夏目:「この先まだ結構あるな、じゃあ何する?」となって、ゆっくり考えたんだけど……考えれば考えるほど淘汰されていくんだよね。自分のやりたいこと、やれることが。そもそもバンドを選んだのも、自分が選んだというよりも、それしかなかったんだろうなってことに気づいて。じゃあもう一回、今度は自分だけでやってみようと。


Photo by Yoko Kusano

―ソロになってからホームページで日記をつけてるよね。遡ると一番初めは2021年3月24日で、「10年やったバンドが去年終わって、それからちょっと休んだ。音楽のことは一旦あまり考えられなかったから、他のことをやりながら生活した」と書いてあった。

夏目:日記を書き始めた時が精神的にはスタート、何かをやらなければと思ったスタートだった。それまではシンプルに疲れていた。自分がやってきたことにも疲れていたし、どういう音楽が好きだったかも忘れかけていた。だから休んだっていう感じかな。

―シャムキャッツの解散発表が2020年6月30日だったから、約8カ月後の再出発だったと。その頃にはすでに、Summer Eyeとしてのコンセプトもぼんやり見えていた?

夏目:今のサウンドとか、概念としては思いついていたかも。Summer Eyeでやっているのは、改めて自分が好きなことや言いたいことを整理して、それらをシンプルにまとめた感じというか。逆説的に言うと、「やりたくないこと」をいかにやらないようにするか。例えば、普通の8ビートはもうやりたくないとか。フォークはもうやりたくない、でも歌いたいとか。あと、日本のライブは発表会みたいになっちゃってる気がして、「演者をお客さんが観てる」みたいな空気はもう作りたくないとか。そうやって点在していたものが、だんだん沈殿してきてまとまるのに1年近くかかった。

―そこの落とし所を見つけるのは時間がかかりそう。

夏目:かかったね。言葉ではイメージできてたの。リズムマシンを使ってドラムを鳴らして、メジャーでもマイナーでもないコード感で、くたびれた男がポジティブなことを歌うーーもう一度動き始めた時に、こういう感じだろうなっていうのは浮かんでた。でも具体的な形になるまで、そこからかなり時間がかかった。

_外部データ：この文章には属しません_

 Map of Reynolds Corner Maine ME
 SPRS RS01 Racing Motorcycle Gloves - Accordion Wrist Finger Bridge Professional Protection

―「くたびれた男」っていうのはいいね。実人生に基づく部分がもちろん大きいんだろうけど、今の世の中にそういう音楽は見当たらないから。

夏目:「とほほ……」みたいな感情というか。そういう歌があってもいいと思うし、なんか社会的なことって言いたくないんだよね。「もう俺には社会のことがわからん!」と思ったことが、Summer Eyeをやり始めたきっかけでもあって。

―というと?

夏目:バンドをやってた時は、なんとなく自分の中に「社会は今こういうふうに動いている」っていう想定があって、それに対して音楽で批評めいたものを出していくっていうスタイルで曲を作ったり、バンドを動かしていたと思う。でも、それは4人という集団だったからバランスが取れていたのであって、1人になったら世の中っていうものが全くわからなくなった。自分もただの参加者の1人でしかないっていうか。だったらもう、とにかく自分のことを歌えばいいじゃないかってテンションになって。

特に、ヘテロセクシュアルの男性が今言えることってあんまりないんだよ。これまでの社会はそれでずっとポップスとか作られてきたけど、もう残ってないわけ。だから、そのテンションで俺に歌えることはもうないんだよね。

シャムキャッツ解散発表の直後にインタビューした時も、「とにかく男性は一度、何も言えなくなるまでコテンパンにやられた方がいい」と言ってたよね。

夏目:そうそう。だから俺にできることはただ一つ。そのコテンパンにやられて疲れた男が、それでも何かを信じている様を見せたいんだよね。その先も生きていかないといけないわけだから。